> WORK REQUIRED
Please return the listing below word for word, minus its pictures.

> DATA FOR THIS EXERCISE
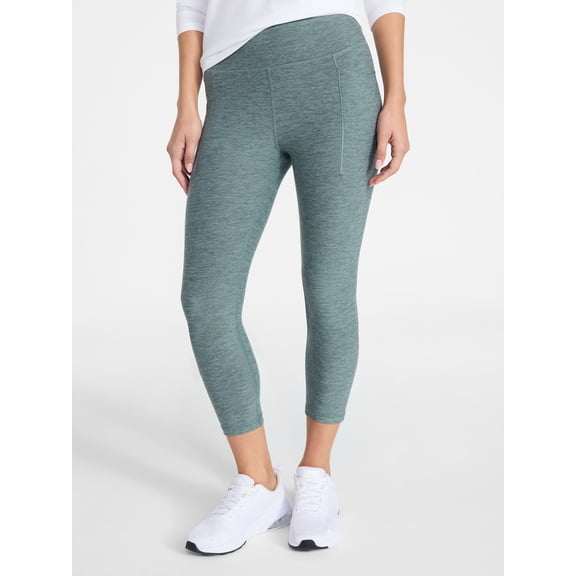 Athletic Works Women's and Women's Plus ButterCore Capri Leggings with Pockets, 21" Inseam, Sizes XS-4X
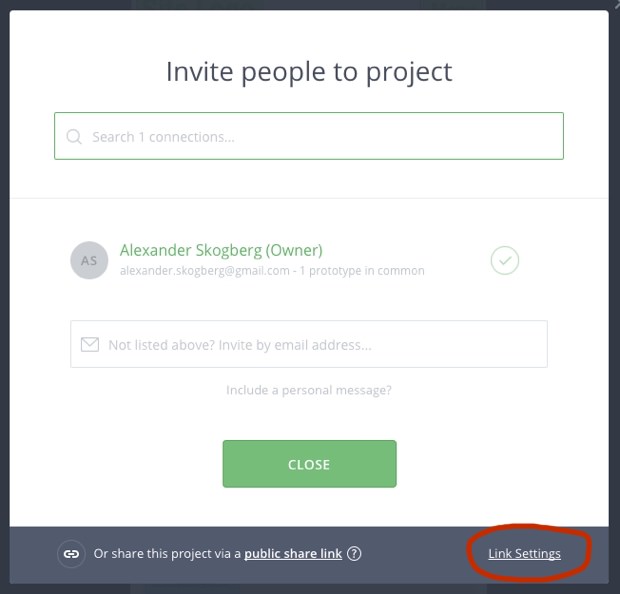 Inviting people to prototypes in inVision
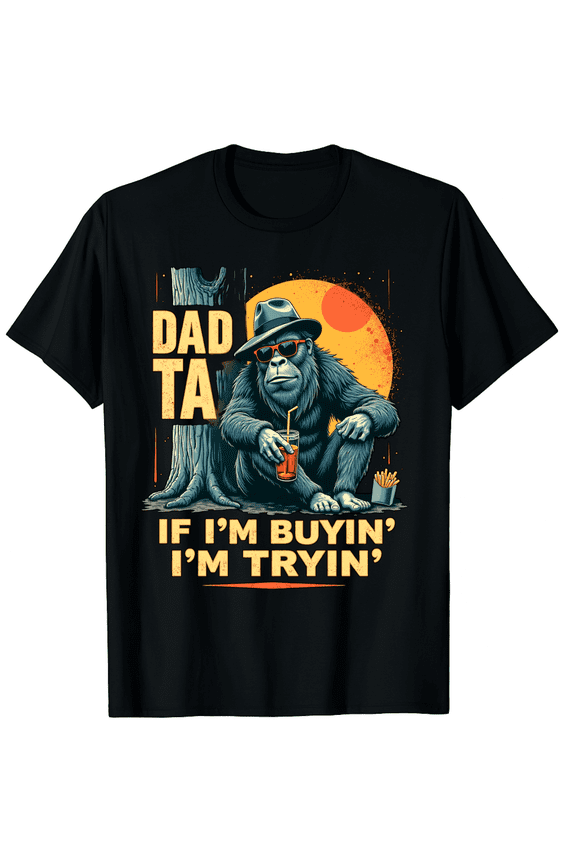 Dad Tax If I'm Buyin' I'm Tryin' Bigfoot Funny Father's Day Graphic Black T-Shirt for Men and Women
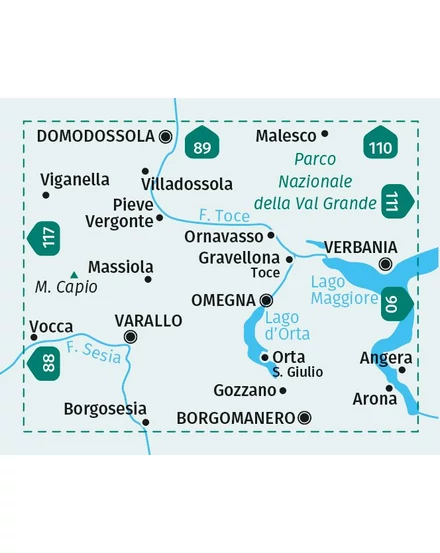 Cartographia K 97 Varallo, Verbania, Lago d'Orta turistatérkép 9783991219903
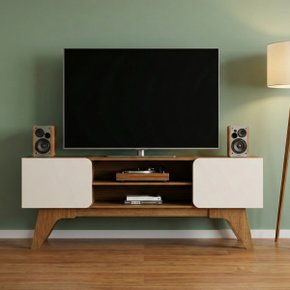 01 rack para tv ate 65 polegadas duetto cinamomo off white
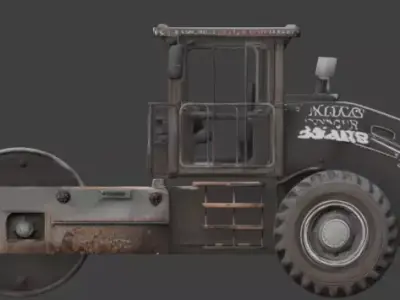 Industrial Arcane Road Roller 3D Model Low-poly 3D model
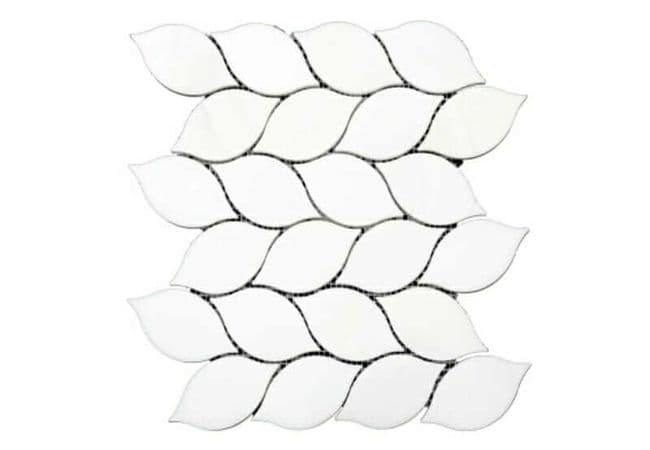 DZN Ld036 Polished Petal Leaf Dolomite White Marble Mosaics, DZN Mosaics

> EXERCISE OUTPUT
 Athletic Works Women's and Women's Plus ButterCore Capri Leggings with Pockets, 21" Inseam, Sizes XS-4X
 Inviting people to prototypes in inVision
 Dad Tax If I'm Buyin' I'm Tryin' Bigfoot Funny Father's Day Graphic Black T-Shirt for Men and Women
 Cartographia K 97 Varallo, Verbania, Lago d'Orta turistatérkép 9783991219903
 01 rack para tv ate 65 polegadas duetto cinamomo off white
 Industrial Arcane Road Roller 3D Model Low-poly 3D model
 DZN Ld036 Polished Petal Leaf Dolomite White Marble Mosaics, DZN Mosaics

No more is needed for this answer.